MLJ.jl Projects – Summer of Code

MLJ is a machine learning framework for Julia aiming to provide a convenient way to use and combine a multitude of tools and models available in the Julia ML/Stats ecosystem.

List of projects

MLJ is released under the MIT license and sponsored by the Alan Turing Institute.

Categorical variable encoding

Extend the categorical variable encoding of MLJ.

Difficulty. Moderate. Duration. 350 hours

MLJ provides basic one-hot encoding of categorical variables but no sophisticated encoding techniques. One-hot encoding is rather limited, in particular when a categorical has a very large number of classes. Many other techniques exists, and this project aims to make some of these available to the MLJ user.

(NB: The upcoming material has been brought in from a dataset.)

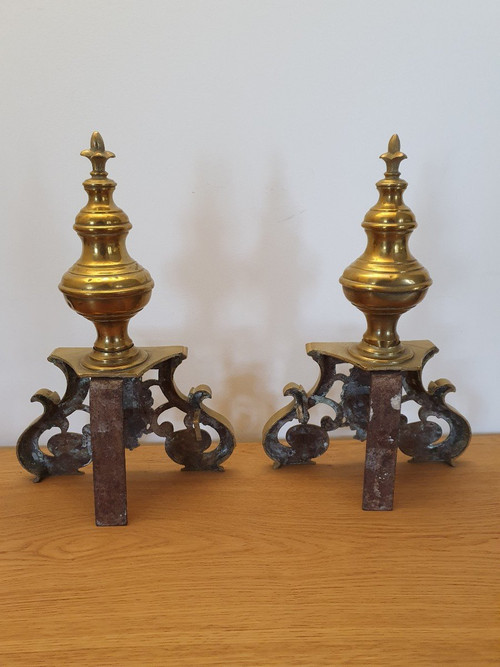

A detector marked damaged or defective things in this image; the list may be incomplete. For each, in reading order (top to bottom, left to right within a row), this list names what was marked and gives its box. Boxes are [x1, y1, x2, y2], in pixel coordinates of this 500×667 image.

rusty iron bar [90, 380, 128, 528]
rusty iron bar [362, 370, 404, 512]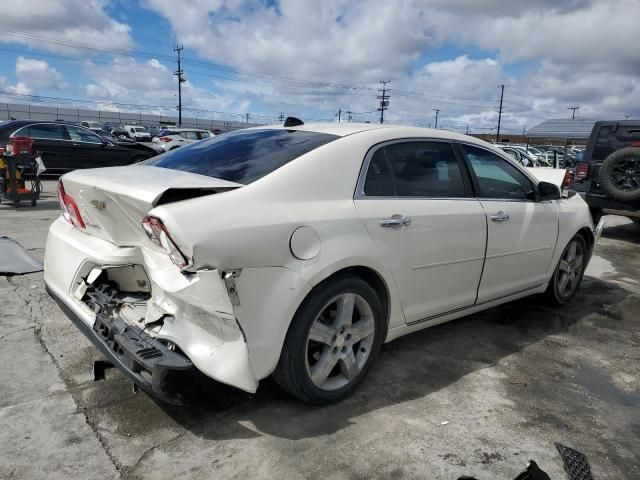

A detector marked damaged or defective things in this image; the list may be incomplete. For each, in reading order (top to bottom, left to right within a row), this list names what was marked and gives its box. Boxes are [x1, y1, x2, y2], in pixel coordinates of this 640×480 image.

Mentors. Anthony Blaom (best contact: direct message on Julia slack)

Prerequisites

Julia language fluency is essential.
Git-workflow familiarity is strongly preferred.
Experience with machine learning and data science workflows.
Familiarity with MLJ's API a plus.

Your contribution

In this project you will survey popular existing methods for one-hot encoding categorical variables. In collaboration with the mentor, you will make a plan for integrating some of these techniques into MLJ. You will begin work on the plan, initially focusing on simple methods, providing MLJ interfaces to existing julia packages, or new implementations where needed. If the project advances well, you will implement more advanced techniques, such as entity embedding via MLJFlux.jl (MLJ's neural network interface).

References

Existing encoding in MLJ: OneHotEncoder; ContinuousEncoder; UnivariateContinuousTimeEncoder
StatsModels.jl encoders
MLJ feature request
Guo and Berkhahn [(2016]](https://arxiv.org/abs/1604.06737) "Entity Embeddings of Categorical Variables"
MLJFlux.jl

Machine Learning in Predictive Survival Analysis

Implement survival analysis models for use in the MLJ machine learning platform.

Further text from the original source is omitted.